Young programmer loses 320k in 4 days trading China A-shares - Perspectives on current market and asset management
The recent heated China A-share market has attracted many new investors, but the market volatility has also challenged them. Data shows quite a few investors faced losses soon after entering, with the market exhibiting more losses than gains recently.
The recent heated China A-share market has attracted hordes of new investors hoping to capitalize on the upward momentum. However, the inherent volatility of the market has posed severe challenges, especially for inexperienced retail investors. Relevant data indicates that a significant number of these new entrants suffered losses shortly after entering the market, with the current market condition tilted towards more losses than gains.
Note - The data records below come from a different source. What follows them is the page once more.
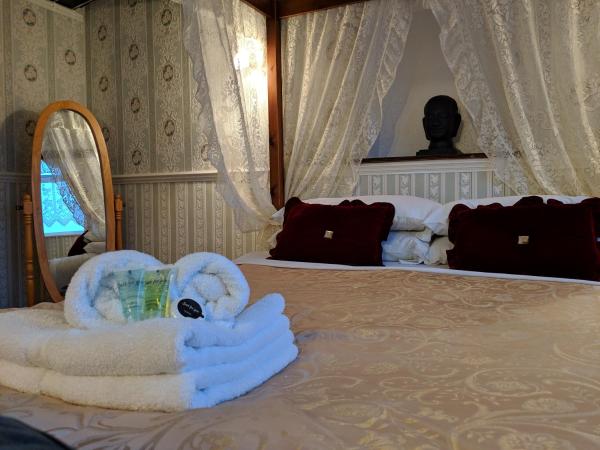 The New Guilderoy Hotel : photo 3 de la chambre suite avec lit à baldaquin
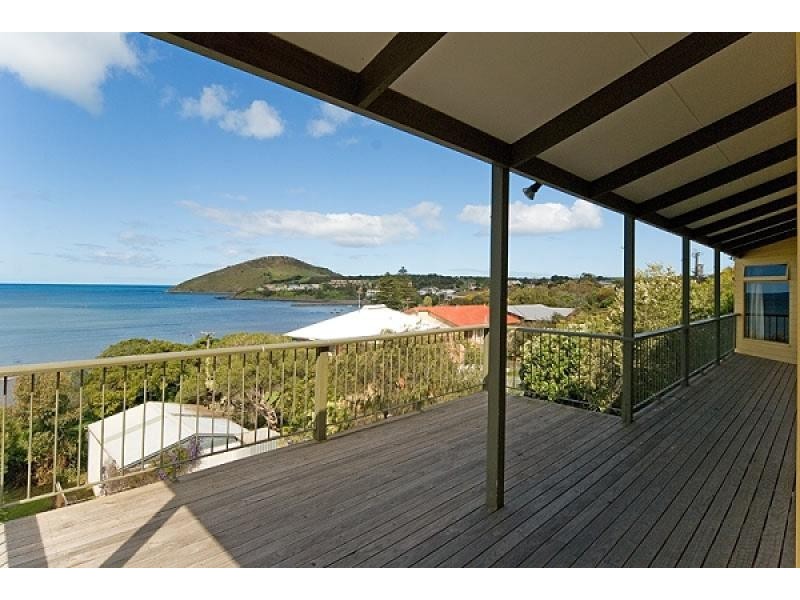 9 Hart Avenue, Encounter Bay SA 5211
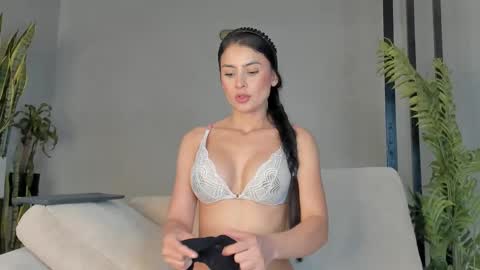 Snapshot of ameliajones_1 chatting on 06.04.26 Ameliajones online show from 06.04.26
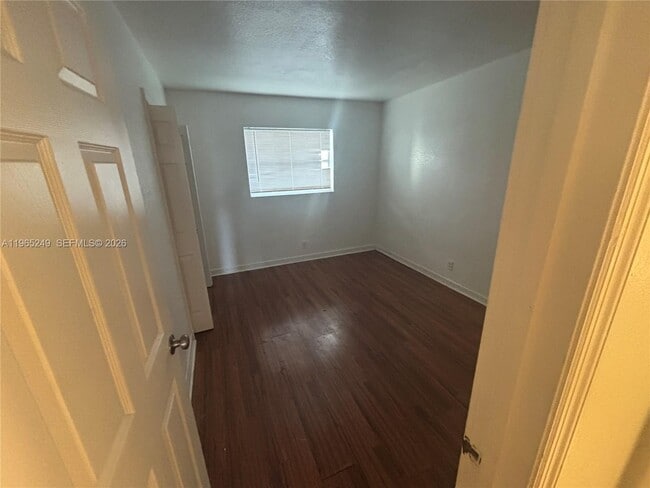 Foto del edificio - 300 SW 4th Ct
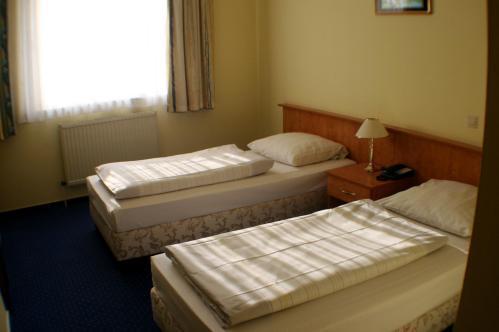 Albatros Airport Hotel เมอร์เฟลเดน-วาลล์ดอร์ฟ ห้อง รูปภาพ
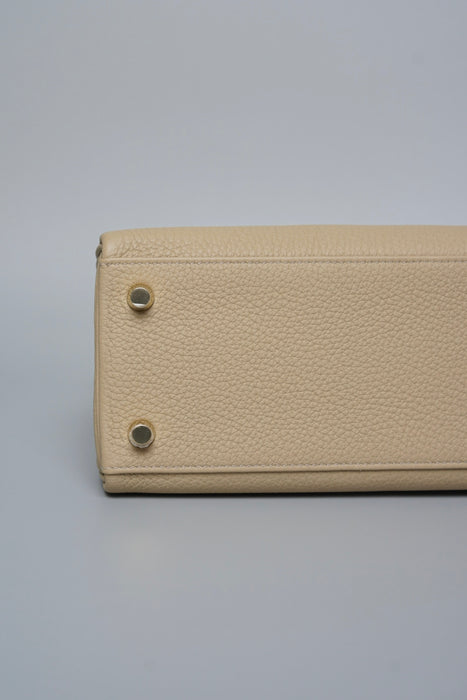 Hermes Kelly 25 in Trench Togo Permabrass (Brand New)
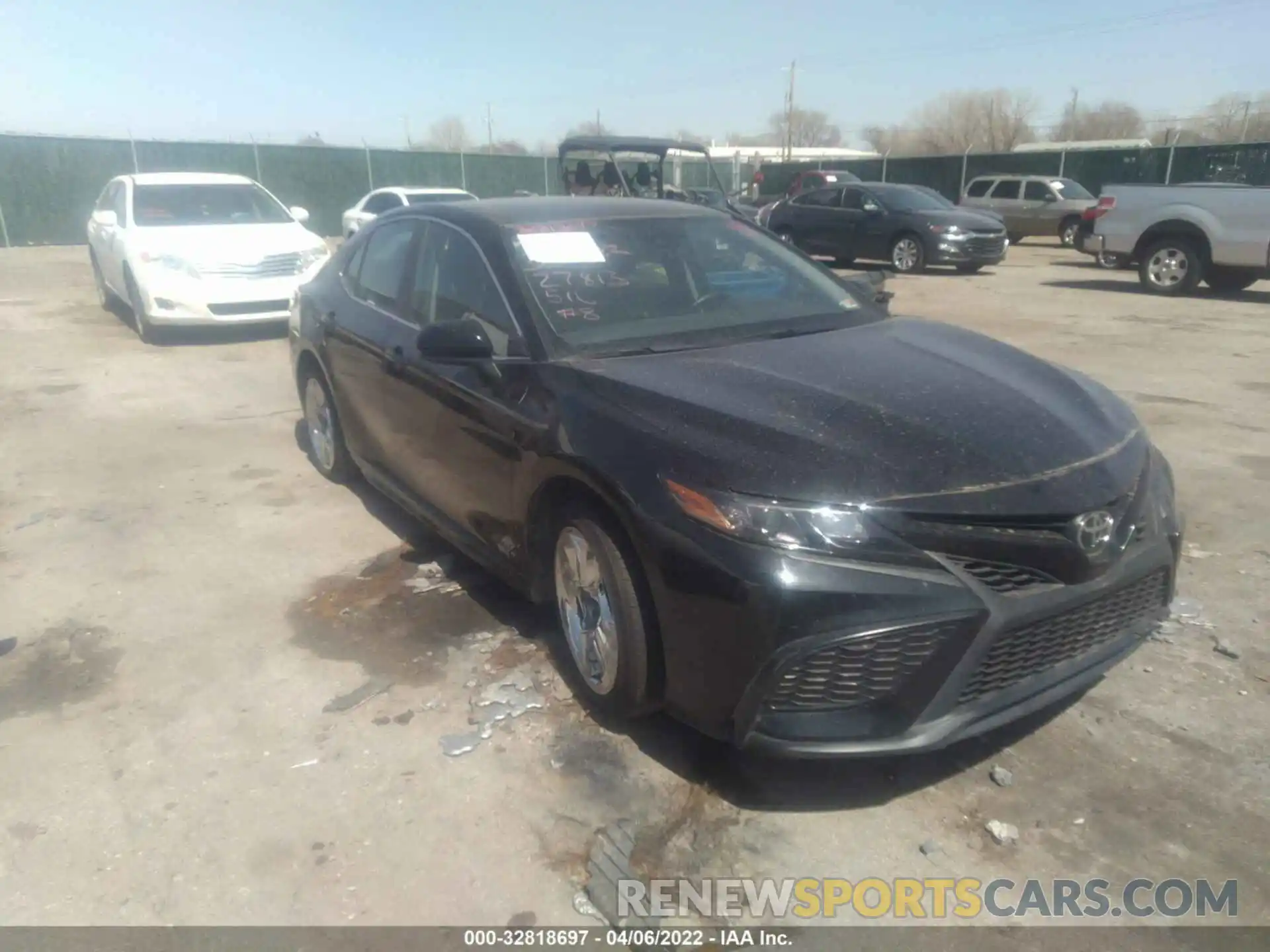 1 Фотография поврежденного автомобиля 4T1G11AK6MU410734 TOYOTA CAMRY 2021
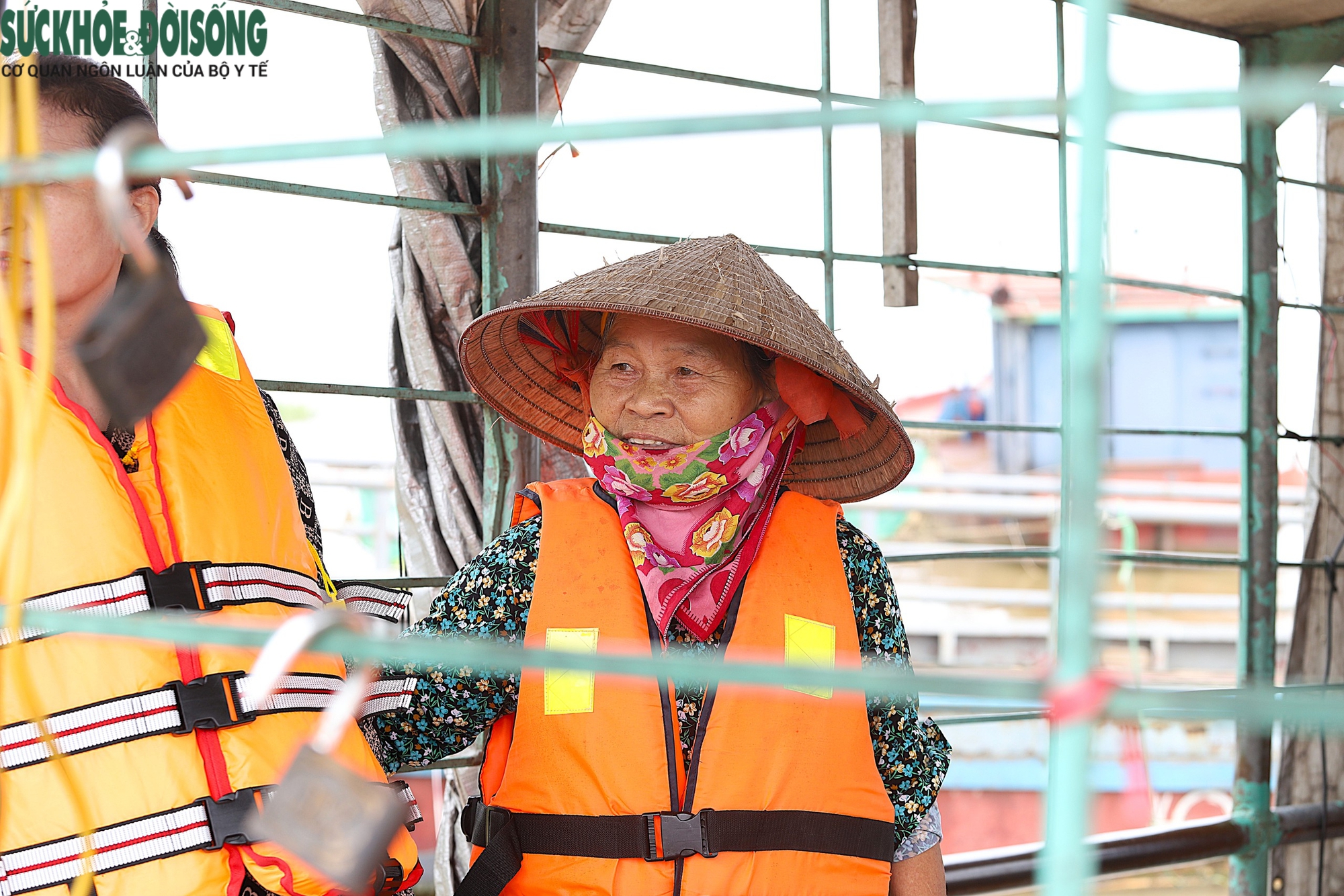 Sông Hồng dậy sóng mùa bão, tàu thuyền nhận cảnh báo hiểm họa rình rập- Ảnh 5.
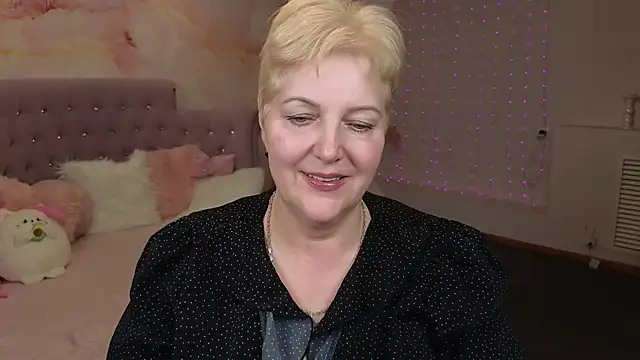 Sandra Snow online show from January 14, 2:53 pm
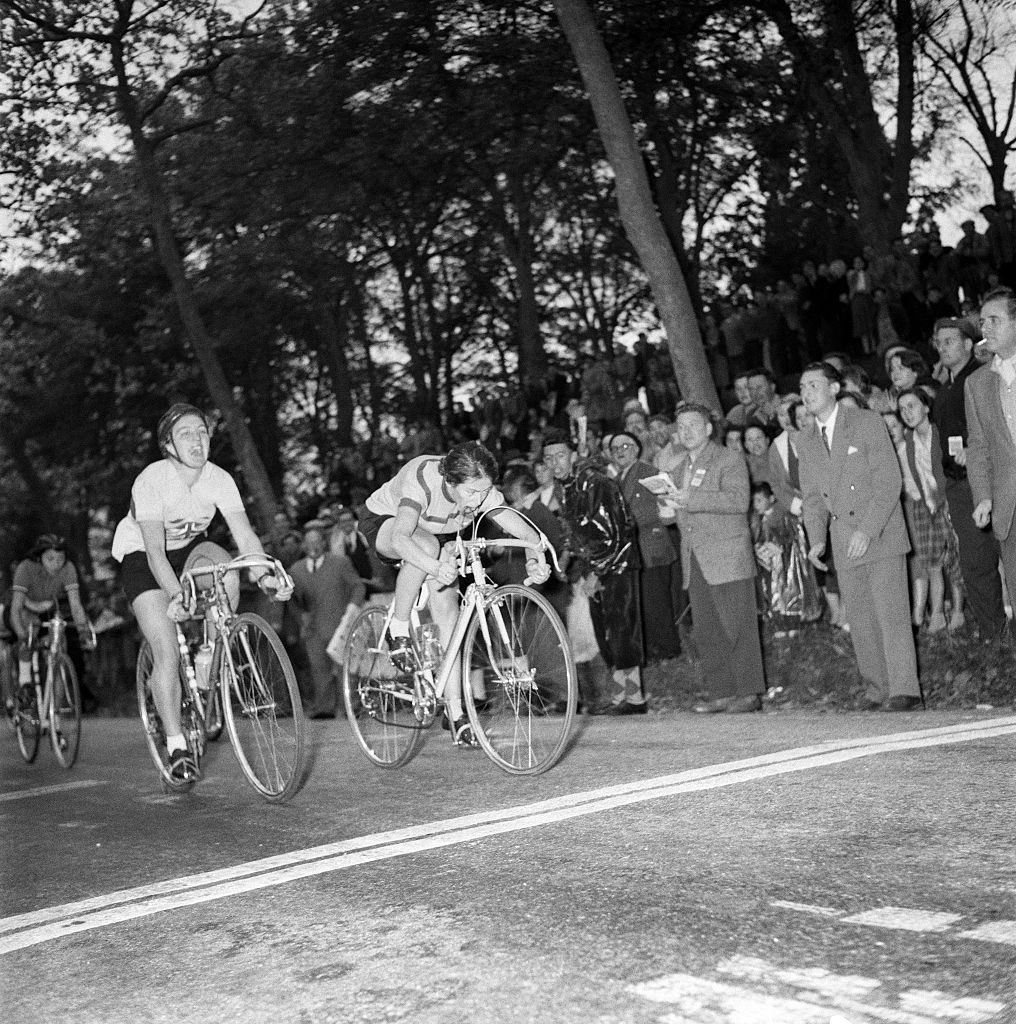 Millie Robinson winning the 1955 Tour de France Féminin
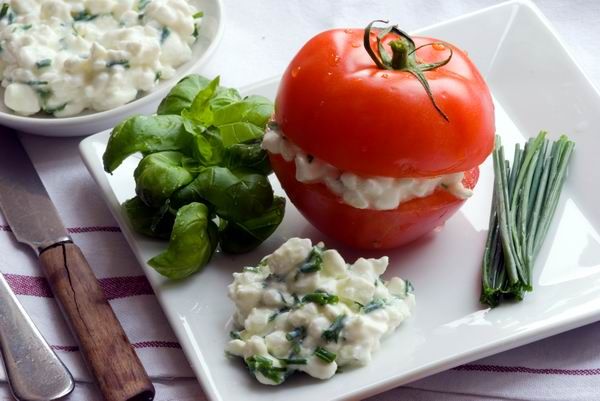 Fűszeres cottage cheese paradicsomba töltve, vendégvárónak vagy vacsorára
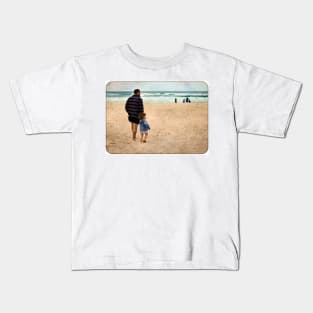 ...and we went down to the beach that evening... Kids T-Shirt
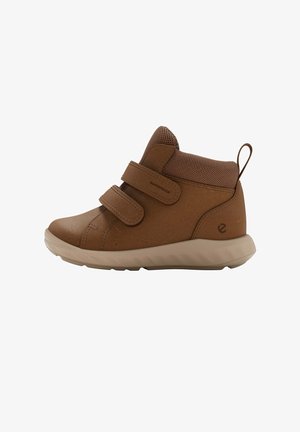 Brun vandafvisende børneankelstøvle med to velcrolukninger, mesh krave og beige sål, sidevisning.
On Oct 12, Haibao News reporters interviewed investors from Shandong, Anhui, Sichuan and other regions, both online and offline, to understand their recent stock trading experiences. Their stories paint a sobering picture:
32-year-old programmer Yang from Chengdu, Sichuan lost 320,000 RMB in just 4 trading days. “I bought 1.02 million worth of stocks on the 8th. Made some money the first day but kept losing the next few days. As of now, I’ve lost 320,000,” Yang told reporters. As a programmer, he had traded stocks before. Hearing the market was bullish recently, he went all-in with his savings right after the holiday break ended.
“Many people urged me to cut losses, calling me a ‘loser’, but I don’t think so,” Yang said. He believes his strong learning ability will allow him to master stock market knowledge and turn the losses around. However, with such a defiant attitude, tougher days may still lie ahead for Yang.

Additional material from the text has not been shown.